With great enthusiasm and bashful smile, Ratih recites their singing, Ondel-Ondel and Cublak Cublak Suweng. They say they will meet and on stage with Dik Doank in Taman Pintar and seeing a public figure in real version is a lot for Ratih. The teacher interrupts and asks them to sing and gyrate to the music –only to make Ratih and her friends go blushing. Nothing, not even a slightest clue leads one to infer that Ratih was a street girl a month or so before.
Ratih is not the only one there. Introducing, Adhi and Kido who are already back to school a year ago. The boys and Ratih are in their 5th grade this year. This might be meaningless for many of us who regard schooling is no challenging matter, so predictable it is we take for granted all the process one must gone through to pass a semester. But for Adhi and Kido, a year pass in a school is a remarkable story (though they still have so many years to complete compulsory education).

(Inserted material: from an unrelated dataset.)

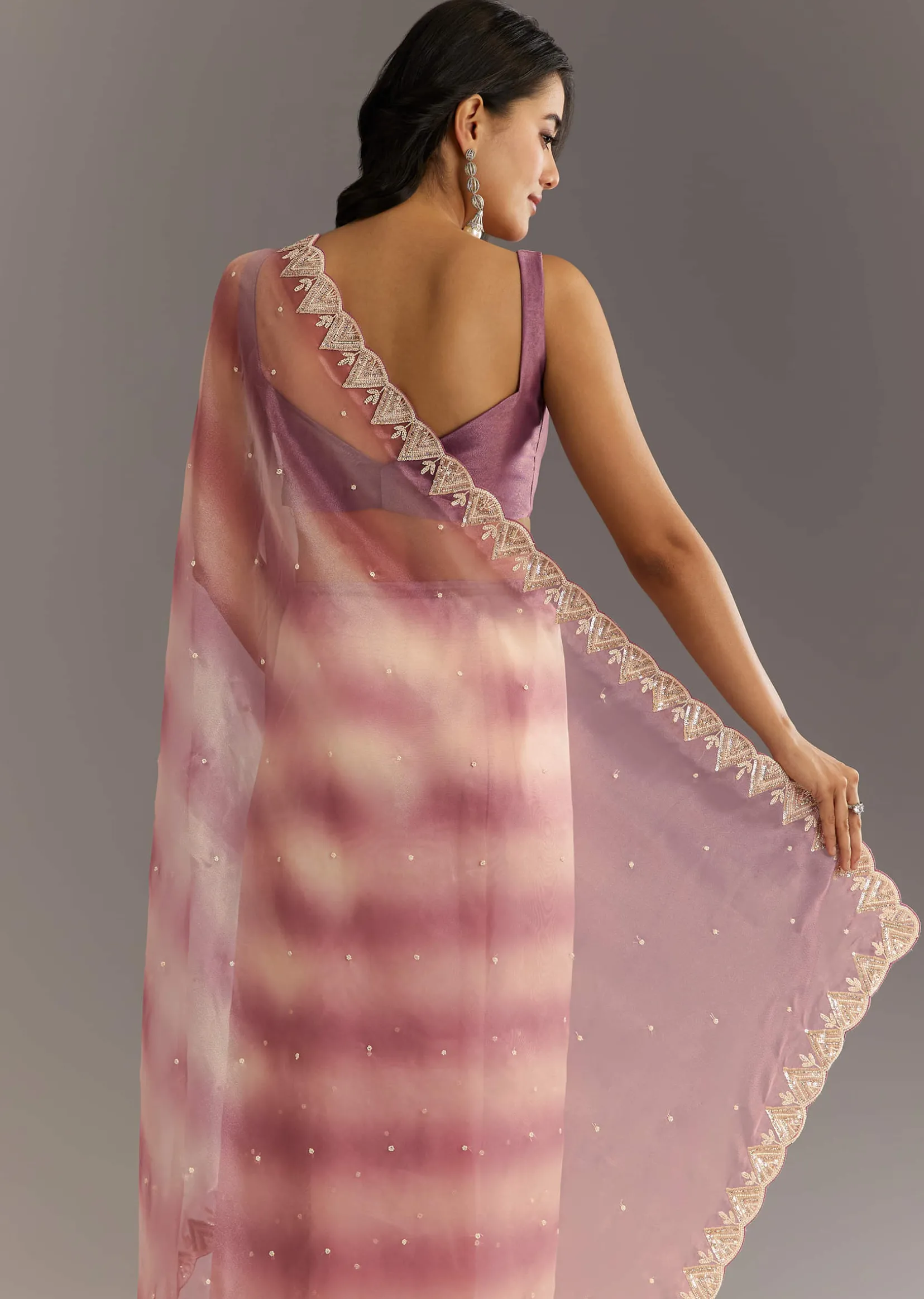 Lavender Shibori Organza Saree With Cutwork Scallop Embroidered Border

Kido for example had to live and move from street to street for years before met his life-changing opportunity that is back to school. Having lived years practically without education, Kido had to work out his lacking of knowledge compare to that of his other classmates. Not a brilliant student but he managed to prove himself and was able to rose to the middle rank of his class.
According to Adhi and Kido’s former teacher, Bu Rumei, the kids were by no means a trouble for her. Different from her expectation, the boys were far away from wild adjective, even at first they seemed to be timid and in a closet. When being asked, Adhi who once cried in the first week of school, answered simply that he was ashamed especially for his background on the street. He saw himself in a negative way, pretty much similar with those stigmas labeled by people –wild, unworthy, dirty, no future and whatsoever-. The longer you live with those stigmas stick to your face, the deeper you internalize them, and the more you believe you are what they say you are.
Not all the stories are heartwarming. Nesa, for example had gone through series of in and out schools and counsellings, only to return to the street –a place she said to be where she belongs-. She was yearning for freedom she experienced on the street. Could it be that the freedom she longed for is nothing but free from internalized stigma? “I am different. I don’t fit in the school. I was once free but in school they tried to put rules on me. In the street, the kids don’t care of what people said” she said. Sometimes the victims can turn the sense of labels upside down to become their own pride and justification.
So what can be done to make a successful school-comeback for street children? From her experience, Bu Rumei mentions several important points. The first is no other than self-will from the kid. Going back to school isn’t something we cannot force unto them. The initiative might come from outside but the kid has to believe that going back to school is their ticket for a better life. Bu Rumei finds it in Adhi and Kido. It is their self-will that would encourage them to survive the process. Next is the cooperation between the host or promoter (sanggar) and the school. School must be equipped with sensitivity to take into account the kid individual characteristic and be ready to give a comprehensive personal approach, equal with other children. While the host or promoter must be prepared to help the kids coping with the lost years that supposed to be spent in house not on the street. Good communication between the promoter and school and regular supervision are also a must.
The good news is their street background doesn’t necessarily bad. It turns out that other kids are attracted to them since they have musical ability such as playing guitar and singing, thanks to years of “mengamen”. The teacher also considers them to have more responsibility and independency, one step to great leadership. This might be the reason why all the three are selected to perform in Taman Pintar.
But as music plays both the major and the minor keys, school also brings the good and bad form of humanity. Although most of her friends in school are kind and friendly, some still keep speaking ill of Ratih and turning their back against her. “I don’t know why. I always try to be kind to them but they keep hissing ‘street kid’ behind my back” Ratih complains. It’s probably nothing more than kids’ rivalry or some kids acting drama queen, but somehow it is quite an issue for Ratih. Maybe time will tell why, or maybe Dik Doank has the answer in Taman Pintar… maybe.